(Short descriptive text snippets)
%%

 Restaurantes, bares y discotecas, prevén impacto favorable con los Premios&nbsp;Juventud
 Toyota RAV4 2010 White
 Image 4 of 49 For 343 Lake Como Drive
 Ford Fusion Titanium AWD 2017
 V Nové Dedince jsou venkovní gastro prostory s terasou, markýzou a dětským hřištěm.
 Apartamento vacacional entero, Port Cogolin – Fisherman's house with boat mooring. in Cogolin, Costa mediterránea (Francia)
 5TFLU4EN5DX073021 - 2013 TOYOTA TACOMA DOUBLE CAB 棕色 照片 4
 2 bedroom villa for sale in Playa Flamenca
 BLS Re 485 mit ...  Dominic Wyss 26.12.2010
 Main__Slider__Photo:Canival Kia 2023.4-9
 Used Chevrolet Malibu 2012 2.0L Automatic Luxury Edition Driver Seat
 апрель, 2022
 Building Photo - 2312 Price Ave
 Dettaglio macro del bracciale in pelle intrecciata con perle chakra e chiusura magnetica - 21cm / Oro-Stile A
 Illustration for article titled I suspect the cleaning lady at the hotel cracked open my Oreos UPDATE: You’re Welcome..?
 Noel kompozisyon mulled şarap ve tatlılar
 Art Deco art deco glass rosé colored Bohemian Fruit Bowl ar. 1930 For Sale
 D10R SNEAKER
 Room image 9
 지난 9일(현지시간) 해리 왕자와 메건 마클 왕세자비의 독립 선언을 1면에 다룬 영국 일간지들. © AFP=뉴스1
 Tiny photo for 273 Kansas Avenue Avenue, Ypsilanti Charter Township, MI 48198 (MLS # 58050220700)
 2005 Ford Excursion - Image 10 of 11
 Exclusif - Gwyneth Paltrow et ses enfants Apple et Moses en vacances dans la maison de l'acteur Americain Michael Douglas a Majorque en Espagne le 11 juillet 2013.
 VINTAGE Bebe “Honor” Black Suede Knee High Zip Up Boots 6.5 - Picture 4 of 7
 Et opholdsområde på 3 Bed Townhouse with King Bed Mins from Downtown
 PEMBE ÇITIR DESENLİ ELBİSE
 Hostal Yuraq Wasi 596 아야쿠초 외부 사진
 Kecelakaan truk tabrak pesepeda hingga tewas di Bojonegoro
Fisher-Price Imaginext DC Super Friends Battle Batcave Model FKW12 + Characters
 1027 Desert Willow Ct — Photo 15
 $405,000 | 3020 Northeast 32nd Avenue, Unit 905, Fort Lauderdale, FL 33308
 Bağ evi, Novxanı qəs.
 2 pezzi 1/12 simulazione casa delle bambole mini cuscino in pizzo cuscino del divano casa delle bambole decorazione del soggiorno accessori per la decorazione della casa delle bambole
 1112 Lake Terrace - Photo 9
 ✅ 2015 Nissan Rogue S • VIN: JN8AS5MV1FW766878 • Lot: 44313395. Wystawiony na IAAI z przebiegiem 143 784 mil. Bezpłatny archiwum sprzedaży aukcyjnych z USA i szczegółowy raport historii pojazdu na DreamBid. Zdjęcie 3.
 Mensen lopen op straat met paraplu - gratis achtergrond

%%

**DESCRIPTION OF THE TASK**
Repeat exactly, and only, the lines of the records above, starting with the line that contains "Dettaglio macro del" and ending with the final line, both included.

**REPLY TO THE EXERCISE**
 Dettaglio macro del bracciale in pelle intrecciata con perle chakra e chiusura magnetica - 21cm / Oro-Stile A
 Illustration for article titled I suspect the cleaning lady at the hotel cracked open my Oreos UPDATE: You’re Welcome..?
 Noel kompozisyon mulled şarap ve tatlılar
 Art Deco art deco glass rosé colored Bohemian Fruit Bowl ar. 1930 For Sale
 D10R SNEAKER
 Room image 9
 지난 9일(현지시간) 해리 왕자와 메건 마클 왕세자비의 독립 선언을 1면에 다룬 영국 일간지들. © AFP=뉴스1
 Tiny photo for 273 Kansas Avenue Avenue, Ypsilanti Charter Township, MI 48198 (MLS # 58050220700)
 2005 Ford Excursion - Image 10 of 11
 Exclusif - Gwyneth Paltrow et ses enfants Apple et Moses en vacances dans la maison de l'acteur Americain Michael Douglas a Majorque en Espagne le 11 juillet 2013.
 VINTAGE Bebe “Honor” Black Suede Knee High Zip Up Boots 6.5 - Picture 4 of 7
 Et opholdsområde på 3 Bed Townhouse with King Bed Mins from Downtown
 PEMBE ÇITIR DESENLİ ELBİSE
 Hostal Yuraq Wasi 596 아야쿠초 외부 사진
 Kecelakaan truk tabrak pesepeda hingga tewas di Bojonegoro
Fisher-Price Imaginext DC Super Friends Battle Batcave Model FKW12 + Characters
 1027 Desert Willow Ct — Photo 15
 $405,000 | 3020 Northeast 32nd Avenue, Unit 905, Fort Lauderdale, FL 33308
 Bağ evi, Novxanı qəs.
 2 pezzi 1/12 simulazione casa delle bambole mini cuscino in pizzo cuscino del divano casa delle bambole decorazione del soggiorno accessori per la decorazione della casa delle bambole
 1112 Lake Terrace - Photo 9
 ✅ 2015 Nissan Rogue S • VIN: JN8AS5MV1FW766878 • Lot: 44313395. Wystawiony na IAAI z przebiegiem 143 784 mil. Bezpłatny archiwum sprzedaży aukcyjnych z USA i szczegółowy raport historii pojazdu na DreamBid. Zdjęcie 3.
 Mensen lopen op straat met paraplu - gratis achtergrond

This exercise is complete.